Task to carry out. Pictures appear among the records below and must be omitted. Repeat exactly the lines from the line with "Linny Co. Screwback" to the line with "Mid-sized transitional separate", both included.

Data listing.
########

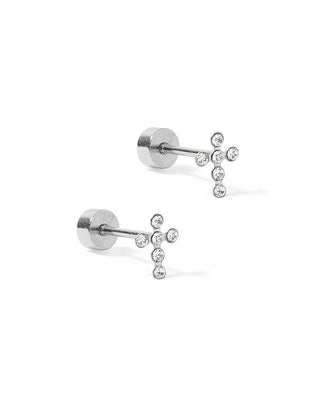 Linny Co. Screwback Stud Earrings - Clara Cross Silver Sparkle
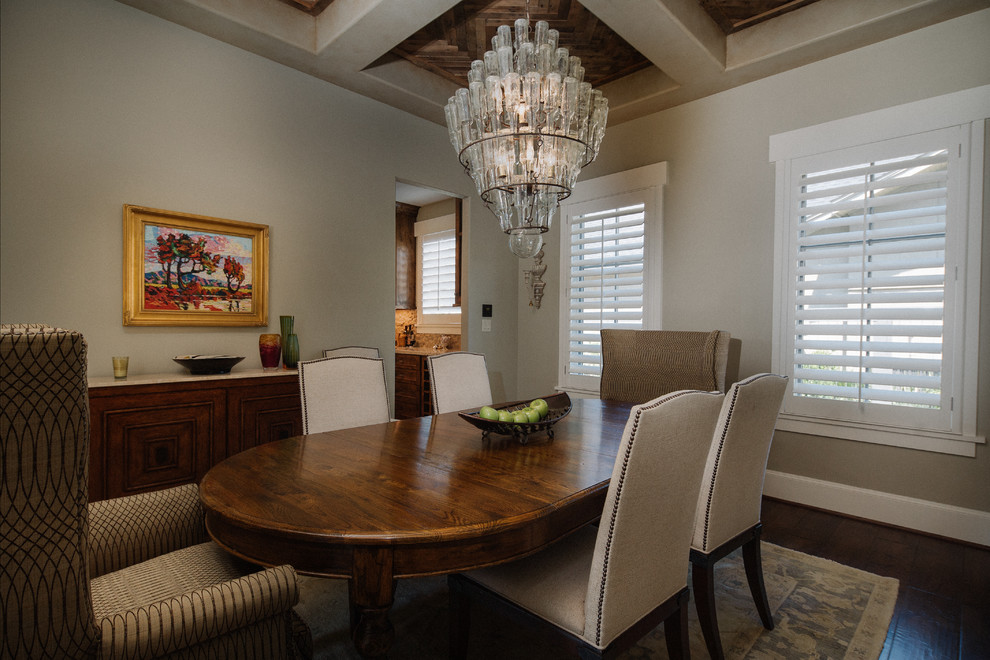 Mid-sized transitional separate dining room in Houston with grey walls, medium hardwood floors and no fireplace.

########

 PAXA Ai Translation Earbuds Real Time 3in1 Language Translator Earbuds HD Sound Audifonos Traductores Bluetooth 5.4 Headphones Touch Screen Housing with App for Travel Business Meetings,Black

########

Answer to the exercise.
 Linny Co. Screwback Stud Earrings - Clara Cross Silver Sparkle
 Mid-sized transitional separate dining room in Houston with grey walls, medium hardwood floors and no fireplace.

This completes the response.